Linus Torvalds wrote:
>Since you haven't merged A and B in the above, they _are_ needed, aren't
My original email wasn't worded quite right. I think you are tracking
what I'm trying to do... but here is a different view anyway:
1 A -------> B clone A to B
2 | | make changes on B and A
3 | --> C | clone A to C
4 | | <---' merge B into C
5 | |
I am merging B (as it was at time 3, or B3) into C (as it was at time 3,
or C3) via:
git-read-tree -m $(git-merge-base B3 C3) C3 B3
where $(git-merge-base B3 C3) resolves to A1. After I run git-read-tree,
I resolve any conflicts via git-merge-cache, etc. and write the
tree via git-write-tree.
>Maybe what you want is
> git-rev-list --objects B ^A ^C
>ie "objects that are in B, but not in A or in C", since you seem to
>consider A uninteresting too?
That does seem to work here by doing:
git-rev-list --objects C5 ^C3 ^$(git-merge-base C3 B3)
>, and also, "git-rev-list
>--objects" is actually not 100% careful - it can include objects that are
>in the "not" group, just because it doesn't actually bother to do a full
>negative list (it only creates a negative list for the "boundary" objects,
>but it won't even do "mark_tree_uninteresting()" for commits that it has
>decided cannot be meaningful, so it's not in any way guaranteed to be a
>_minimal_ set of objects).
Good to know.
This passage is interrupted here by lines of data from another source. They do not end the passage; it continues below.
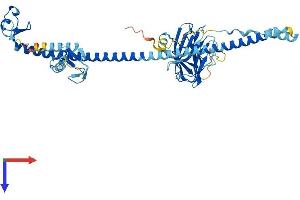 AlphaFold protein structure predicition of Mouse Recombinant Trim60 Protein, UniprotID Q8VI40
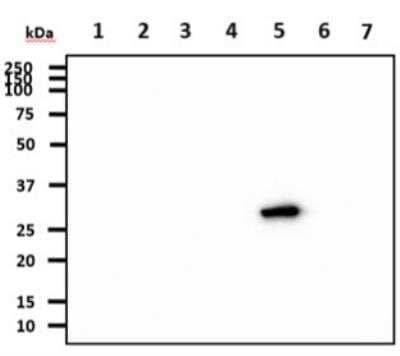 Western Blot: 14-3-3 gamma Antibody (AT4B9) [NBP2-50579] - The recombinant proteins (50ng) were resolved by SDS-PAGE, transferred to PDVF membrane and probed with anti-human 14-3-3 gamma antibody (1:1000). Proteins were visualized using a goat anti-mouse secondary antibody conjugated to HRP and an ECL detection system. Lane 1. Recombinant Human YWHAZ Lane 2.  Recombinant Human YWHAB Lane 3. Recombinant Human YWHAE Lane 4. Recombinant Human YWHAH Lane 5.: Recombinant Human YWHAG Lane 6.: Recombinant Human SFN Lane 7.: Recombinant Human YWHAQ.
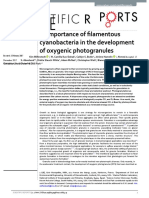 Milferstedt et al. - 2017 - The importance of filamentous cyanobacteria ...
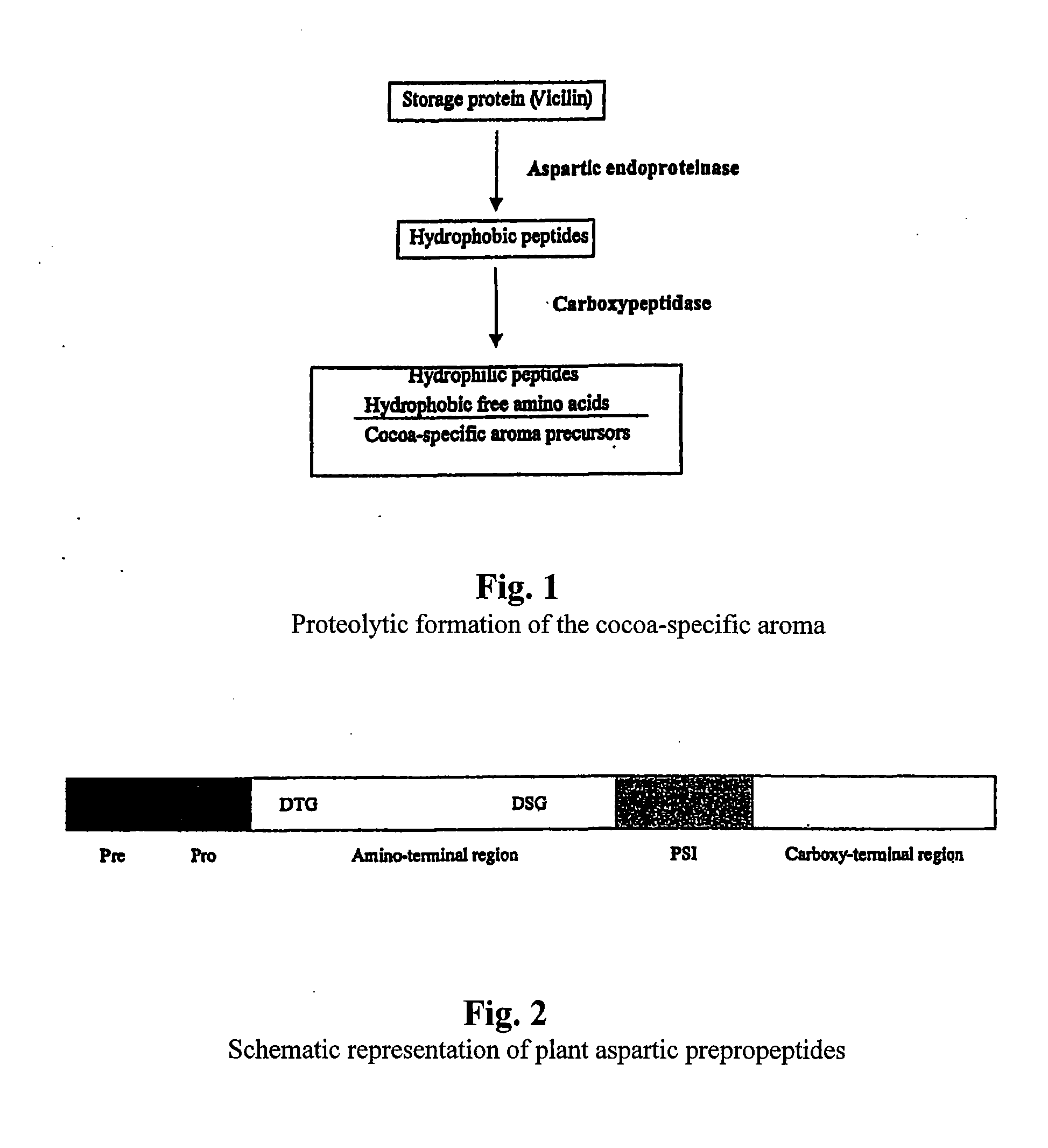 Cacao endoproteinases and production of cocoa flavor from same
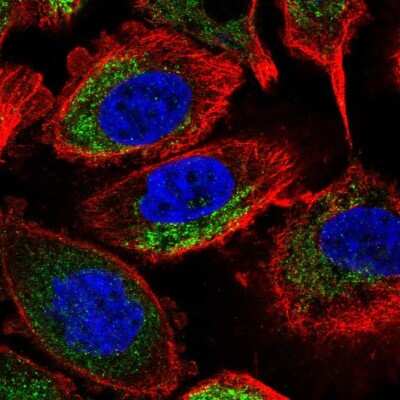 Immunocytochemistry/ Immunofluorescence: NDUFA7 Antibody [NBP2-31758]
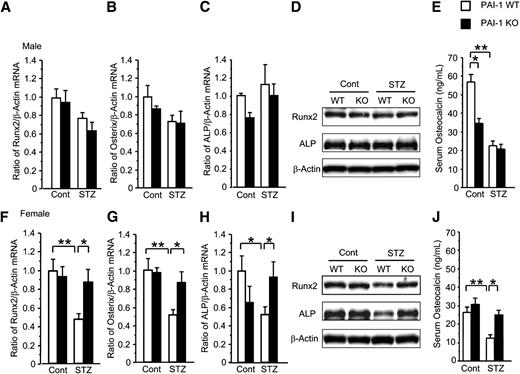 FIG. 3. Effects of PAI-1 deficiency on diabetes-induced impairment of osteogenic differentiation in both sexes of mice. mRNA levels of Runx2 (A), osterix (B), and ALP (C) as well as protein levels of Runx2, ALP, and β-actin (D) in tibia of control and streptozotocin-treated male PAI-1 WT and KO mice. mRNA levels of Runx2 (F), osterix (G), and ALP (H) as well as protein levels of Runx2, ALP, and β-actin (I) in tibia of control and streptozotocin-treated female PAI-1 WT and KO mice. Data are expressed relative to β-actin mRNA values and expressed as means ± SEM. *P < 0.05, **P < 0.01 (n = 5–7 in each group). The levels of serum osteocalcin in control and streptozotocin-treated male (E) and female (J) PAI-1 WT and KO mice. Results are expressed as means ± SEM. *P < 0.05, **P < 0.01 (n = 5–7 in each group). Cont, control; STZ, streptozotocin.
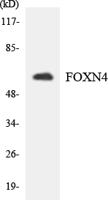 FoxN4 Polyclonal Antibody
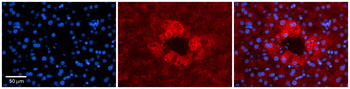 APOH Rabbit Polyclonal Antibody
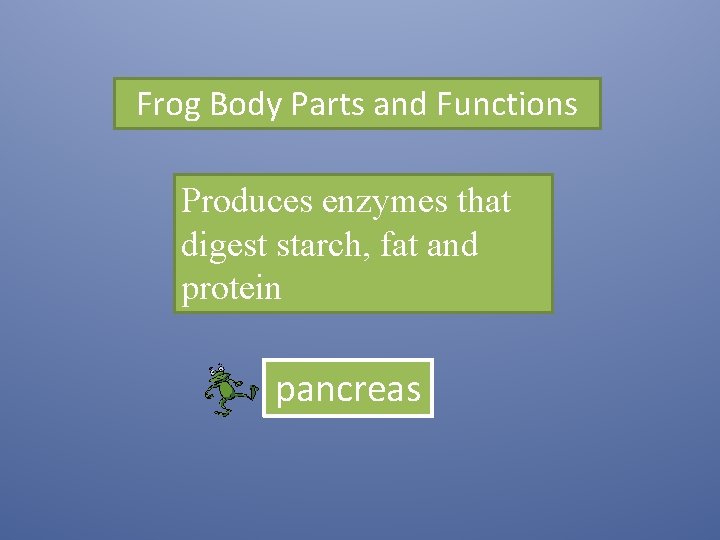 Frog Body Parts and Functions Produces enzymes that digest starch, fat and protein pancreas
If git-rev-list is just checking the boundary, and the merge
commit is between C5 and C3 (at C4) then that explains why I see what I
see. It would grab all the objects listed in C4 and not exhuaustively be
removing them via one of its ancestors.
The goal is to create the list of objects (tree, commit, and blob)
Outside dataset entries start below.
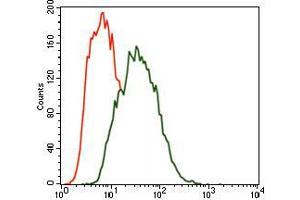 Flow cytometric analysis of SK-N-SH cells using MARK3 mouse mAb (green) and negative control (red). (MARK3 抗体  (AA 435-658))
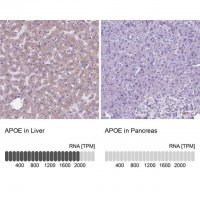 Anti-APOE antibody produced in rabbit HPA065539-100UL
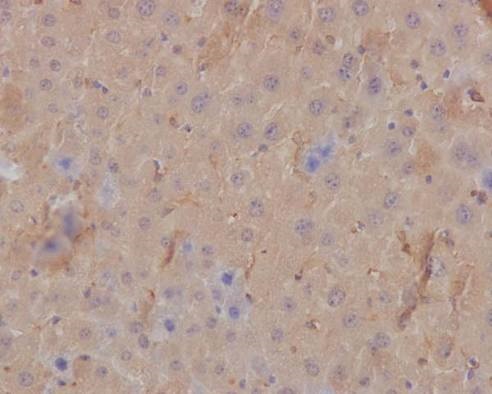 Immunohistochemical staining of paraffin embedded mouse liver with purified ab126617 at a working dilution of 1 in 300. The secondary antibody used is a HRP polymer for rabbit IgG. The sample is counter-stained with hematoxylin. Antigen retrieval was perfomed using Tris-EDTA buffer, pH 9.0.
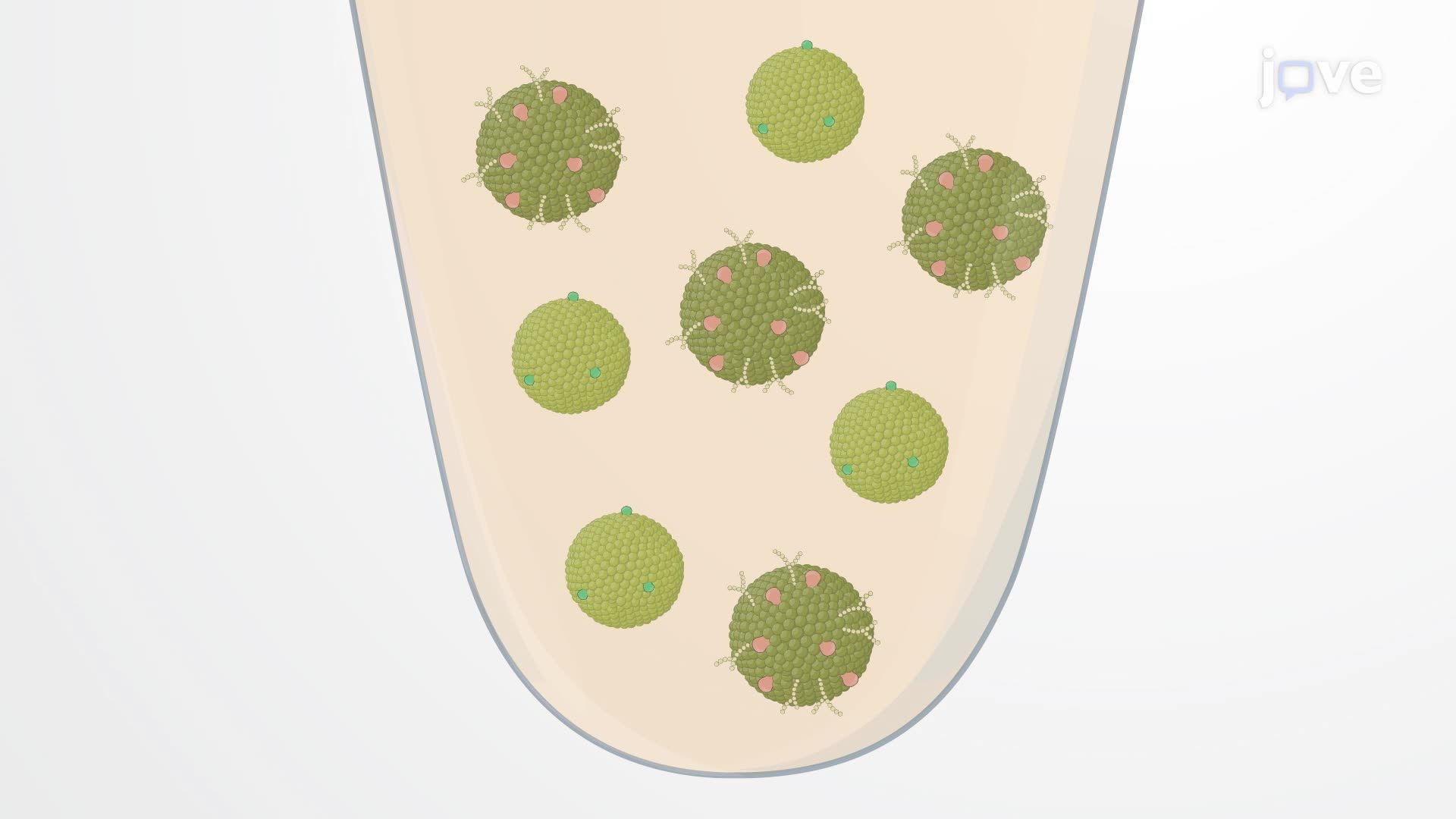 Separation of Inner and Outer Membrane Fractions of Gram-Negative Bacteria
that if someone already has all the objects for repo A, they just need to
download the 'in C, not in A' objects and the HEAD from C and then they can
create a full copy of C.
I'll look to modify my scripts that merge the parent repository to cache
repository's SHA. I can then pass that list of merge points to
get-rev-list as a
set of boundaries.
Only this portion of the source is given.